Microsoft has filed its response to a US government plan to break the giant software company into two parts because of violations of anti-trust laws. The filing calls the government plan "defective" and "vague".
This filing has cleared the way for Judge Penfield Jackson to give his final ruling, possibly later this week, on the form of the US district court's sanctions against Microsoft.
In April, the judge ruled that the company had broken antitrust laws by abusing its virtual monopoly in personal computer operating systems and thus damaging rival companies and consumers.
The justice department and 17 of the 19 states which have taken the anti-trust suit then submitted a plan calling for Microsoft to be broken up into two separate companies. One would manufacture the Windows operating systems and the other would be responsible for the Office suite of software applications and the Internet browser.
It would be the severest antitrust action against an American company since AT&T telephone company was broken up into regional "baby Bells" in 1982.
Microsoft has said that it will appeal the judge's final ruling. This process could mean the case goes to an appeal court or straight to the supreme court by using a special procedure. In either case the final outcome may not be known for months or even years.
In trading on Wall Street yesterday before Microsoft filed its response, the company's shares fell almost 2 per cent to $62.5.
The Microsoft filing yesterday proposed changes "designed to correct the ambiguity and vagueness" of the break-up plan, according to a company spokesman, Jim Cullinan.

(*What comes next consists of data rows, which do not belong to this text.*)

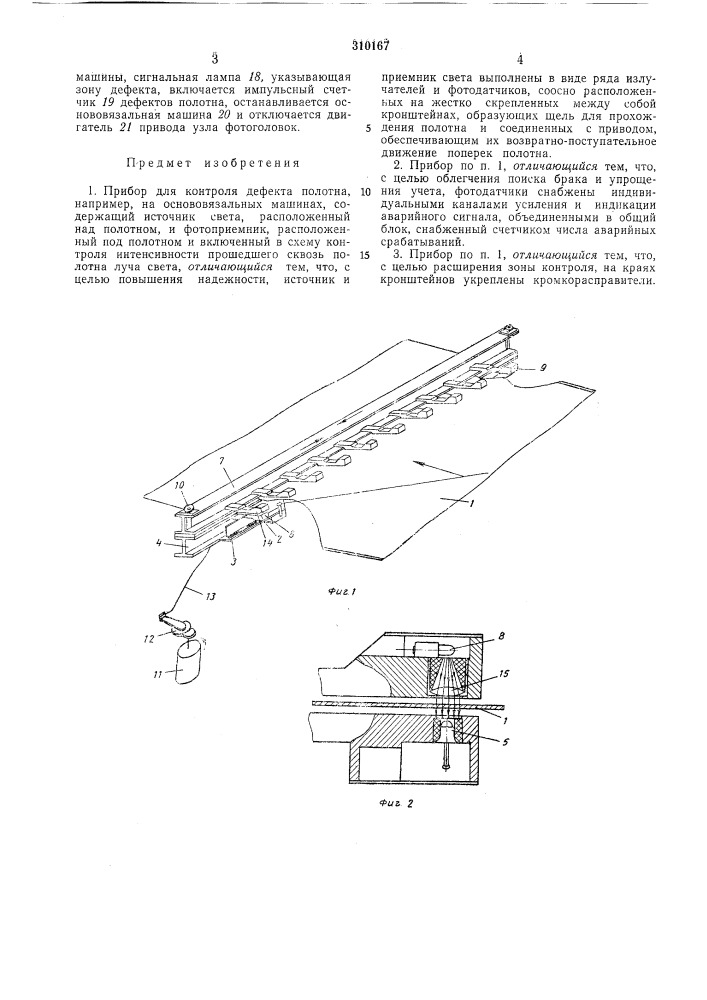 Прибор для контроля дефекта полотна (патент 310167)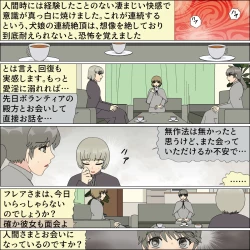 Page 28 of Inochigoi no otome finia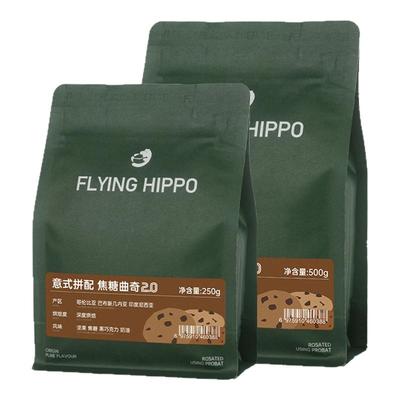 FLYINGHIPPO曲奇意式拼配咖啡豆
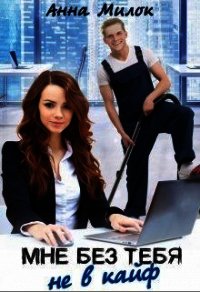 Мне без тебя не в кайф (СИ) - Милок Анна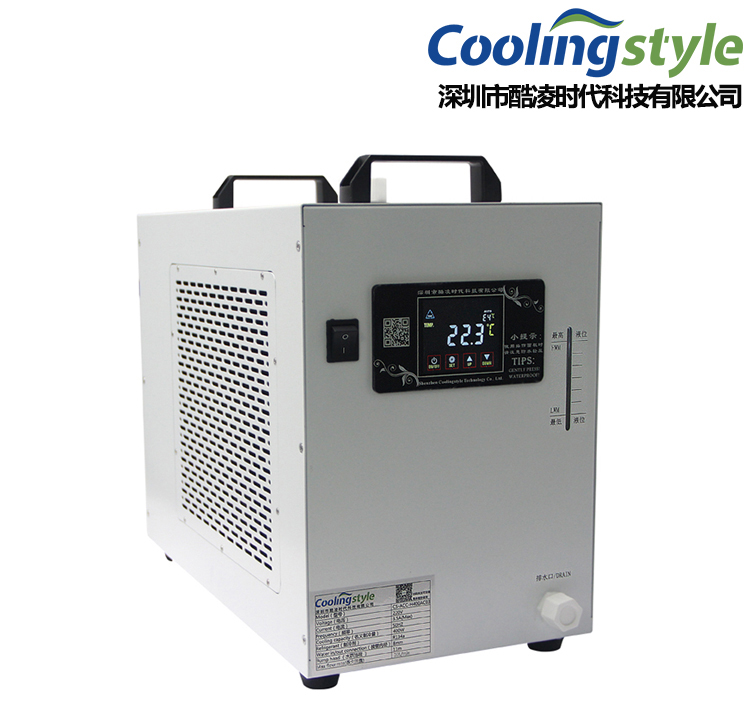 工業(yè)冷水機(jī)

He added: "We are offering these edits with the obvious caveat that we do not believe that such an extreme and damaging remedy would be sustained by the appellate process. "Still, we may have to live with this in some form or another and we want it to be as clear as possible."

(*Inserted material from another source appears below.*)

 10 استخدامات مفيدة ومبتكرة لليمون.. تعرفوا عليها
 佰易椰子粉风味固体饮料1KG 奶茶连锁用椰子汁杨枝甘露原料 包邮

Microsoft has in the filing asked the judge to give it one year to come up with a plan to break up the company. The government had asked for the company to be given four months.
Microsoft also issued a brief discussing its "offer of proof" which it hurriedly filed last Wednesday just as the judge was about to close the case. This proposes testimony from witnesses such as Bill Gates, the co-founder of the company.

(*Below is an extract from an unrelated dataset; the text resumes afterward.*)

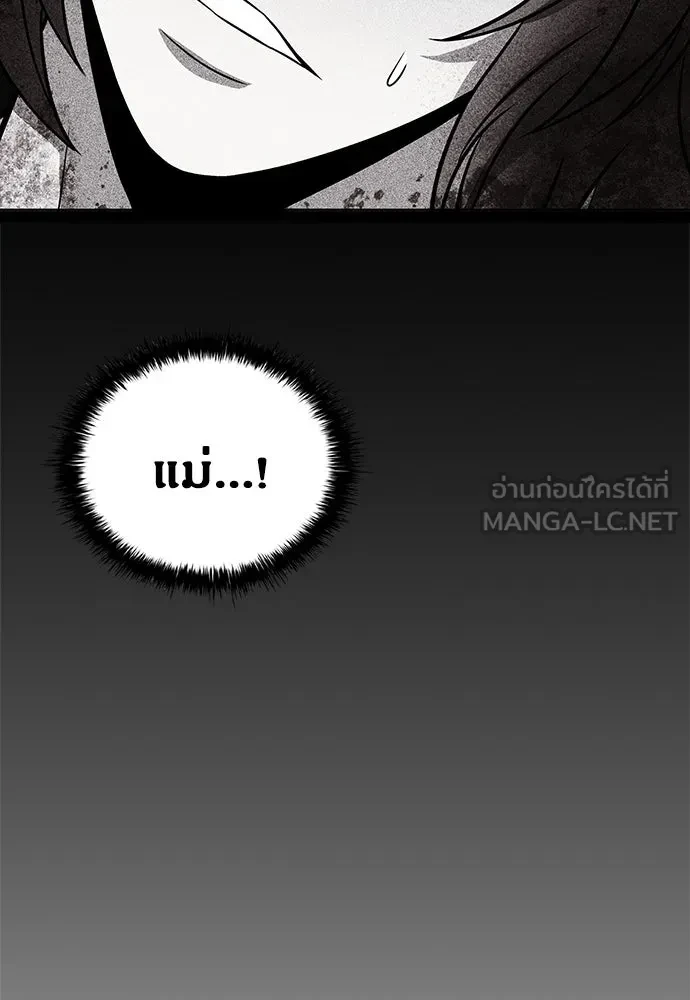 หน้า 99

The company has also offered the chief executives of other computer and software companies such as Compaq, DreamWorks and J.D. Edwards as potential witnesses. They would testify about the negative effects of a break-up, according to Microsoft, but they may never be called.
Microsoft had asked last week that the judge would allow it a further six months to gather evidence and depose witnesses but he refused, saying Microsoft had already had several years to present a full case.